これまで信号は分散的な処理を行っていたが、そうするとアンテナ密度が高くなった際に、高度な基地局間協調制御やMassive MIMOのコントロールが難しくなる。ソフトバンクではそれを避けるために、信号処理はすべて親局で行い、さらにAIによって制御の強化も行っている。
〔3〕稼動率100%を目指すAIオーケストレーター
AI-RANには、ピーク時以外の深夜などに余っているデータセンターのデータ処理能力をAIに振り分けるというコンセプト(AI and RAN)がある。これにより通信インフラの常時100%の稼動を目指している。そのカギとしてソフトバンクで新たに開発しているのが、AIオーケストレーターだ(図12)。

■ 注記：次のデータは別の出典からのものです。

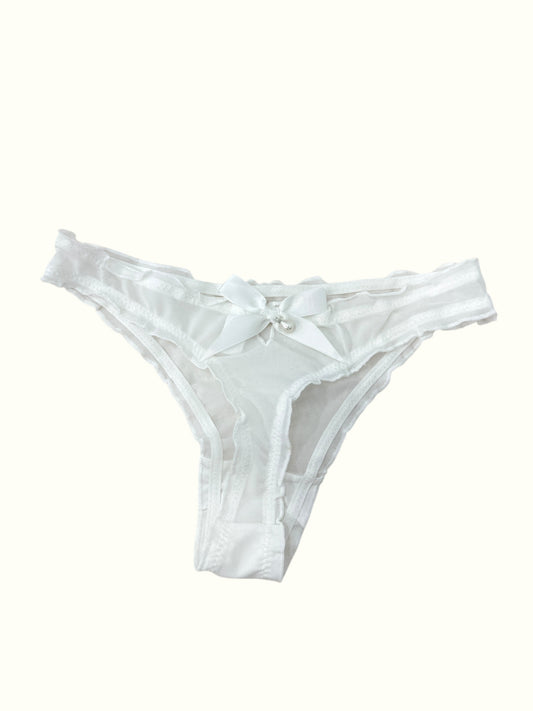 Ethereal White Lace Thong with Satin Bow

図12 AITRASにおけるAIオーケストレーターの役割
出所 ソフトバンク株式会社提供資料「ソフトバンクのAI-RANの実装と新プロダクトについて」
RANとAI処理、それぞれの稼動状況を常にモニタリングし、要求に応じてCPUやメモリなどの調整を行う。夜間などRANの稼動が減少したらAI処理を増やすほか、AI処理の内容や遅延の要求レベル、必要帯域などに応じて、適切に全国の各データセンターへの振り分けを行う。
AIオーケストレーターでは、NVIDIAのMIG(Multi Instance GPU)が活用されている。MIGは、1つのGPUサーバをロジカルに分割して利用できるようにする機能で、AIの処理容量に応じてパフォーマンスを最適化する(図13)。
図13 NVIDIA MIGによるAI処理容量に応じたパフォーマンス最適化のデモ(例)
※上図は、GPU使用状況のグラフで、AI、RANそれぞれの利用率が時系列で確認できる。またGPUはいくつかのコアに分かれており、CUDAコアはRAN、TensorコアはAIの処理を行っている。
MIG:Multi Instance GPU
Tensorコア:NVIDIAが開発した技術の1つで、AIや大量データに対して複雑な演算処理を高速に行う演算回路
出所 ソフトバンク株式会社提供資料「ソフトバンクのAI RAN の実装と新プロダクトについて」
注13:Arm:プロセッサIPのリーディングテクノロジープロバイダ。英国ケンブリッジに本社があり、ソフトバンクグループ傘下の半導体設計の大手企業。CPU(Central Processing Unit、一般的なコンピューティング用に設計されたプロセッサ)およびNPU(Neural Network Processing Unit、人間の神経系を模倣するプロセッサを通じてAIアプリケーションを加速するために設計されたプロセッサ)などを提供している。